Aşama 1: “Dijital Kayıtların Evrimi” tekrarlayacak olursak; önce bir kaydın tek bir kopyasına sahiptik, daha sonra bu kaydı birkaç bilgisayara dağıttık, daha sonra bu kaydın pek çok kopyasını pek çok bilgisayara dağıttık, nihayet her bilgisayar işlemin bir kaydını tutacak hale geldi. Bunun en temel sebebi ise maliyetlerin zaman içinde ciddi şekilde düşmesiydi.
Bu yaklaşıma Dağıtık Kayıt Defteri (Distributed Ledger) adı verilmektedir. Dijital bir sistem üzerinde mutabakat yapısının sağlanması için bunun yazılımsal açıdan garanti altına alınması lazım. İşte tam bu noktada Blockchain teknolojisi ortaya çıkıyor ve diyor ki; “Ben tüm bu sorunları çözeceğim. Veriyi, iletişim ağları üzerinden, dağıtılmış şekilde saklamanızı ve bu süreç içinde verinin tüm noktalarda aynı kaldığına dair mutabakat yapmanızı sağlayacağım. Hatta bununla da kalmayacağım herkes kendi verisini şifreleyeceği için bu veriyi sadece kendisi kullanacak ve izin verirse diğer taraflar bu veriye erişebilecek.”

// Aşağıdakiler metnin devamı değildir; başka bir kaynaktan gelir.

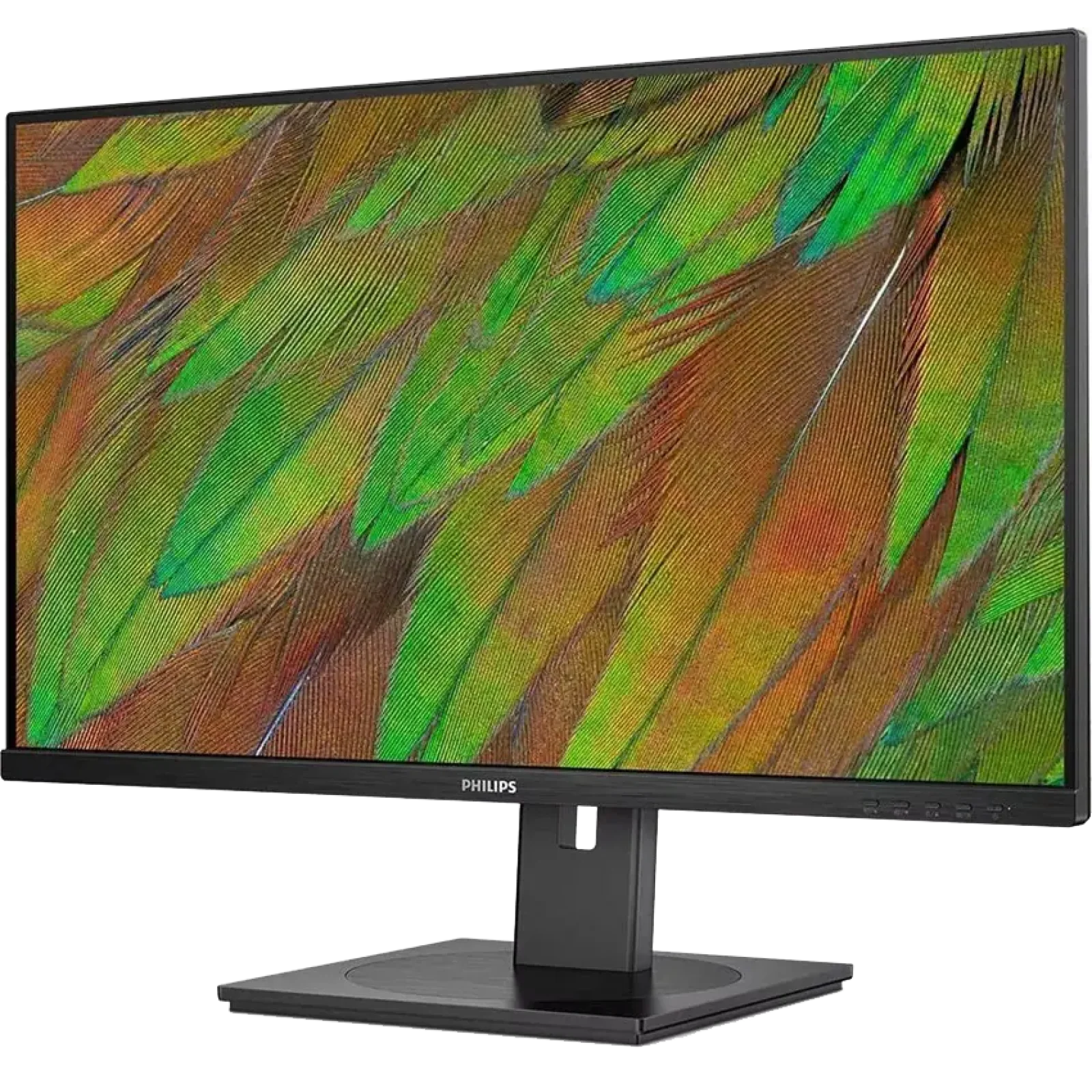 Монiтор Philips 32B1U3900/00 UA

Bu noktada Blockchain teknolojisi, dijital dünyanın bize sunduğu çok temel bir mantığı yani veriyi dilediğimiz gibi yazıp, silme ve güncelleme imkanına farklı bir bakış açısı getiriyor. Şöyle bir çözüm sunuyor; veriyi bloklar halinde ele alalım, her bir blok önce belirli kurallara göre oluşturulsun sonra sisteme yazılsın, bu blok tüm dağıtık kayıt defteri yapısındaki uç noktalara yayılsın. Yeni bir blok geldiğinde bir önceki bloğun bir özetini alalım (burada yazılımsal bir kriptoloji yaklaşımı kullanılıyor, ilerleyen bölümlerde bu tekniklerin detaylarına bakacağız) bu özet ile birlikte ikinci bloğu oluşturalım ve zincire ekleyelim. Bu şekilde her bir yeni blok geldiğinde bir öncekinin özeti ile ilişkili olacağı için tüm zincir bir birini tamamlayan bir yapıya sahip olur.